> [Task] Please transcribe the data that follows without the pictures, keeping every word the same.

> [Data listing]
[Start of section]
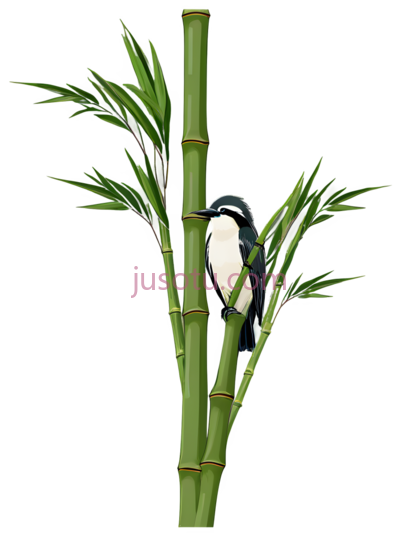 鸟,竹子, PNG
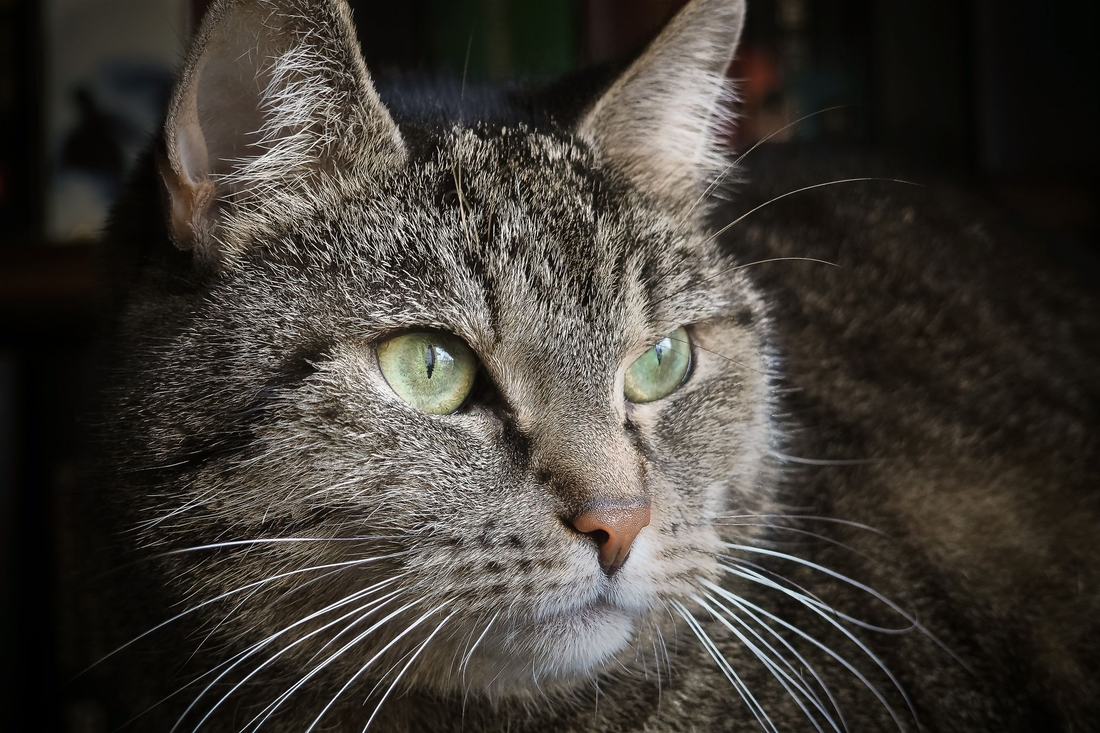 A tabby cat with a gray-frosted face, pale green eyes, and long white whiskers looking calmly to one side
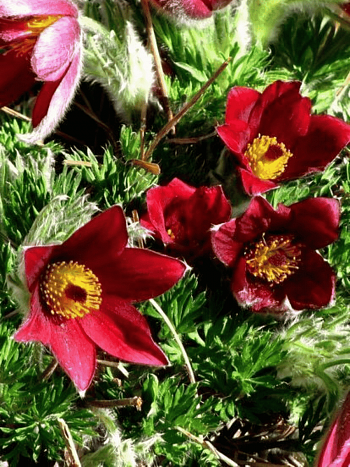 Прострел обыкновенный Bells Red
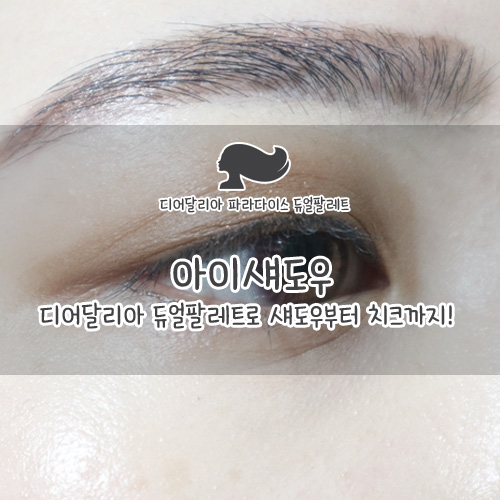 아이섀도우 : 디어달리아 듀얼팔레트로 섀도우부터 치크까지!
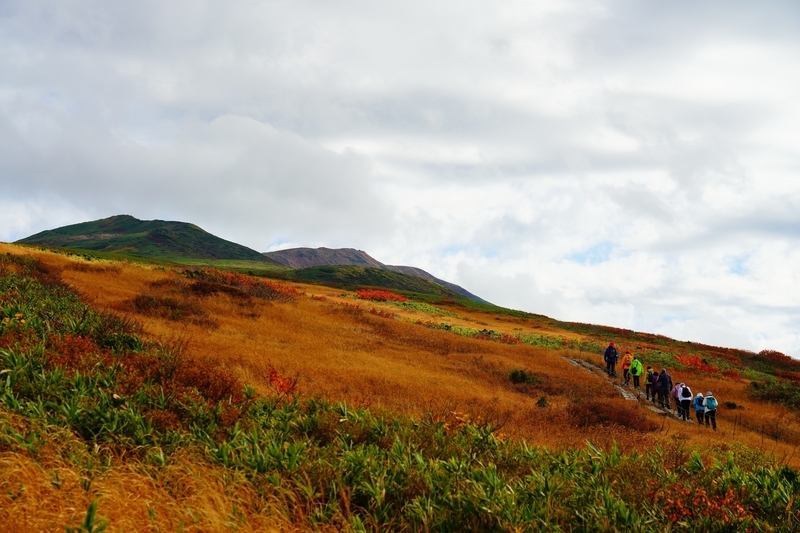 f:id:GSX-R1000:20211104202042j:plain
[End of section]
> [Exercise result]
 鸟,竹子, PNG
 A tabby cat with a gray-frosted face, pale green eyes, and long white whiskers looking calmly to one side
 Прострел обыкновенный Bells Red
 아이섀도우 : 디어달리아 듀얼팔레트로 섀도우부터 치크까지!
 f:id:GSX-R1000:20211104202042j:plain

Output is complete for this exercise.